The game features 32 characters usable in Tag Battle mode, while extra characters can be obtained with Bleach: Heat The Soul 4 game save through game conversion. However, these characters are only usable in single mode with no in-game transformation. They are selected through a separate menu accessible by pressing L/R in the normal character menu.

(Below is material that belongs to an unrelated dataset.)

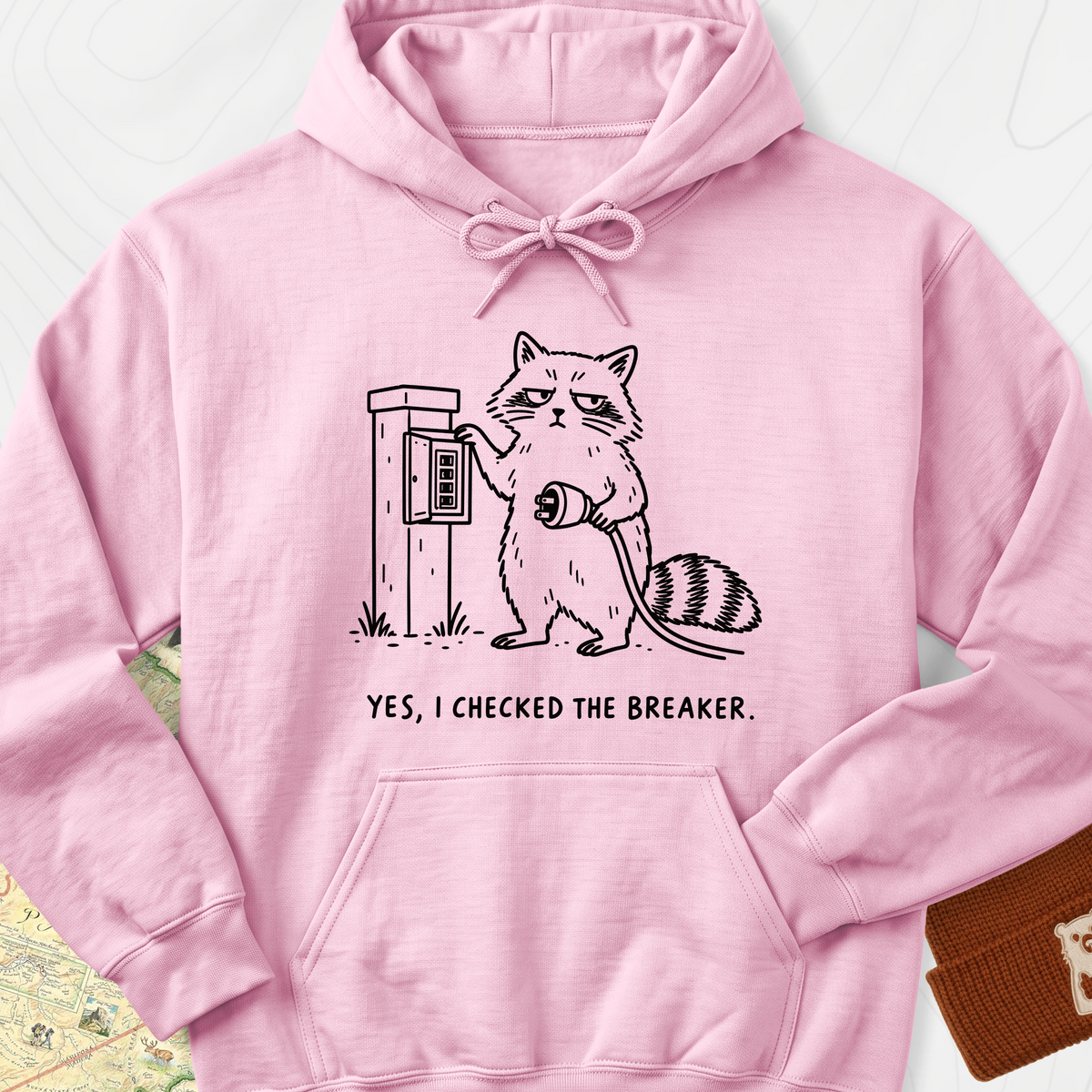 I Checked the Breaker Hoodie — Light Pink — Front print [studio:1ky0Mh3CxWyxI3MakWkdIxcSERk0d30Fz]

===Bleach: Heat the Soul 6===
Bleach: Heat the Soul 6 (ＢＬＥＡＣＨ：ヒート・ザ・ソウル6) is the sixth game in the Heat the Soul series based on Tite Kubo's Bleach, which was released in Japan on May 14, 2009. It includes more Arrancar Resurrections like that of Nnoitora, Szayelapporo Grantz or Nel(Gamuza). The game has a new championship mode added in which you can fight tournament style similar to Bleach Soul Carnival and a customization mode exclusive to Heat the Soul 6. The game's story mode starts from the day Ichigo got his powers to the Espada/Soul Reaper showdowns to date in the anime. It boasts a character roster consisting of 74 playable characters including Senna, Sojiro Kusaka, Dark Rukia, and the Visored and Tessai in their Soul Reaper uniforms from the "Turn Back the Pendulum" arc. Its opening theme is "Koyoi, Tsuki ga Miezu Tomo" by Porno Graffitti which was also used for Bleach: Fade to Black.

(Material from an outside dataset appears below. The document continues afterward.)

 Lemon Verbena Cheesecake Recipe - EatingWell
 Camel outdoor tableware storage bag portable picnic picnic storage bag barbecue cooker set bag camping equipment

===Bleach: Heat the Soul 7===
Bleach: Heat the Soul 7 (ＢＬＥＡＣＨ：ヒート・ザ・ソウル7) was released on September 2, 2010. The main change in this game is a 4-Players mode. The game features battles against giant characters. New characters include Allon (Ayon), Coyote Starrk (Los Lobos), Baraggan Luisenbarn (Arrogante), Tier Harribel (Tiburon), Yammy Liargo (Ira), Ulquiorra Cifer (Segunda Etapa), Ichigo Kurosaki (Full Hollow), Muramasa, Hachigen Ushoda, Love Aikawa and Shuren (downloadable content); in all, 84 characters are playable.

==Playable characters==

The characters in the Heat the Soul series are directly based upon characters taken from Bleach. With Heat the Soul 4 set between Shinji Hirako's introduction and the entrance into Hueco Mundo, "normal" characters originate from The Arrancar arc and later, while "EX" forms, as they're known in the game, are from the Soul Society: The Rescue arc.

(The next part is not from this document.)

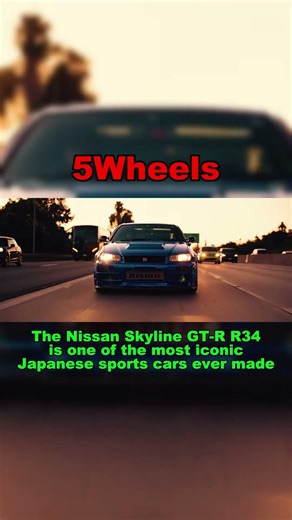 The Legendary Nissan GT-R R34 👑🔥 #nissan #skyline #gtr #shorts #sound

To avoid confusion, all characters will be referred to as they are in the most recent installment in the series, Heat the Soul 7. It also appears that most (if not all) characters can change forms during battle. For example, Hollow Ichigo and Ichigo can start out a match with shikai and end it with bankai when they have enough spiritual pressure.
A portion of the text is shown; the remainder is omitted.